On this morning I met with Gail and Administrative Officer Caitlin Simms at the Complex Headquarters at 5am. Caitlin was born and raised in Lakeview, married locally and has roots set deep in Lake County. In Lakeview, Friday night means just about the entire town is at the football game, everyone knows you by the coat you wear, and the best seat may be on the hood of a pickup that you drove 50 miles from your house.
Rural western communities are geographically huge when compared to many urban areas, yet everyone knows each other as if they live in the same small town. Consider that you could fit all of the lands of Connecticut, Delaware, Rhode Island and the District of Columbia inside of Lake County and still have room to fit several National Parks. Further consider that combined, those same urban states total over 6million residents, compared with 8,000 in all of Lake County. Some outsiders opine that living in rural communities must be like living in a glass house. Perhaps. But in Lake County, the view from every house looking out is breathtaking.

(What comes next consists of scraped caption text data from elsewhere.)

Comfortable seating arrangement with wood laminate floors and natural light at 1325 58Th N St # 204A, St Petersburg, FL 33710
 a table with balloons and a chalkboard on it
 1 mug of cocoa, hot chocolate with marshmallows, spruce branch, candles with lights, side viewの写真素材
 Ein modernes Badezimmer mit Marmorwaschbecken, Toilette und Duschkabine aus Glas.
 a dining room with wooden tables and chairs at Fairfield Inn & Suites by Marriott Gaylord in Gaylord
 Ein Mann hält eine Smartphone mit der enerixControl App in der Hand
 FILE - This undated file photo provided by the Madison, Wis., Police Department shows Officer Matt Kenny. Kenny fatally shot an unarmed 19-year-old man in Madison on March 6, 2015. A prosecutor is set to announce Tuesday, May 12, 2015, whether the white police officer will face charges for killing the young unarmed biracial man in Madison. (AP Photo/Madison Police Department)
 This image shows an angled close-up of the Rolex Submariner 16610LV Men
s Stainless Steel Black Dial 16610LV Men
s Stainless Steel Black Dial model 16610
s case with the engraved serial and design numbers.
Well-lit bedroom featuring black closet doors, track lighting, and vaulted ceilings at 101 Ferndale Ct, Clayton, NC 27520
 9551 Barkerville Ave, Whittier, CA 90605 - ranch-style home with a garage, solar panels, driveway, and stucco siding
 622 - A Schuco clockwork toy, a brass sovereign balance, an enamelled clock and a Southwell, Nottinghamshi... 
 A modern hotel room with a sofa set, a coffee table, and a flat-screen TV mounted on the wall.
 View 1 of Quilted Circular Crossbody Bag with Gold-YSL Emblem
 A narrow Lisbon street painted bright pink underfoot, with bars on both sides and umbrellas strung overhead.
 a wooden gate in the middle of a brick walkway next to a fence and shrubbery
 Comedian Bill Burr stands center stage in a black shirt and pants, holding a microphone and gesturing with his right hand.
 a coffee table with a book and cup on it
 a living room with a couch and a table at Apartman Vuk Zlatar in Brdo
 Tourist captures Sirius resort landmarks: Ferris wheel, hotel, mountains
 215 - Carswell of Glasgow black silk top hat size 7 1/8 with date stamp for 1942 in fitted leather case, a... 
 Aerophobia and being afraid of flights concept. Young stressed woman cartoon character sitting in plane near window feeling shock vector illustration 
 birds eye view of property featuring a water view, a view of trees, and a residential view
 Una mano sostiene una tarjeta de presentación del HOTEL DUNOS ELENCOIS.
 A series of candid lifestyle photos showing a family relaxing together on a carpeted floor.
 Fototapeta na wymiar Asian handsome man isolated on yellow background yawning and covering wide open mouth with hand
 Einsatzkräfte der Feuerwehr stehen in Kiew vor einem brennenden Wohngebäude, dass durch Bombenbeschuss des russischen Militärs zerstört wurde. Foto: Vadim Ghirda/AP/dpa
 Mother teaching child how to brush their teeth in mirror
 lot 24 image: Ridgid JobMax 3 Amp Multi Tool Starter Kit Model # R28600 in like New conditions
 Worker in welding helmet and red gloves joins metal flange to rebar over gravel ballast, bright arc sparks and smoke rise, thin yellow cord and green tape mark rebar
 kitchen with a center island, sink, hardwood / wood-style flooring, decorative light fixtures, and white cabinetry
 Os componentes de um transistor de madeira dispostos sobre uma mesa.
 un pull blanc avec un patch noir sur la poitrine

Gail and Caitlin quickly gathered radios and maps, including hand-held GPS units to help guide us into and identify exact lek locations. With our pickups full of gas, we headed east some 65 miles to the Hart Mountain Refuge headquarters. Once there, Gail gave some last minute direction to Caitlin who then drove off in the dark to her lek locations. Gail and I rode off in her pickup to check on 4 leks not far from field headquarters.
Gail and I parked alongside the main road, her GPS unit suggested we were within about 1.5 miles of the furthest lek with several a bit closer. The sun’s candle was just starting to flicker, so we didn’t need flashlights. Unlike a dancehall, lek activity begins just before sunrise and lasts a few hours. We hadn’t walked but 10 yards from the pickup when I could hear a “popping “ sound echoing through the cool morning air.
Sage grouse males inflate and deflate their twin bright yellow throat sacs to get the attention of females. The sound they make is unique to anything in the desert. Think of your coffee pot percolating on a desert campfire- now think of what it would sound like if you had twenty coffee pots.
We stumbled on, tripping over lava rock and low sage, our anticipation brewing to see our first grouse of the day. As we moved north, we could hear grouse, the occasional coyote, and a few horned larks. Our first visual was a small heard of pronghorn, which were typically curious, unable to smell us, but I am sure had been watching since we left the pickup.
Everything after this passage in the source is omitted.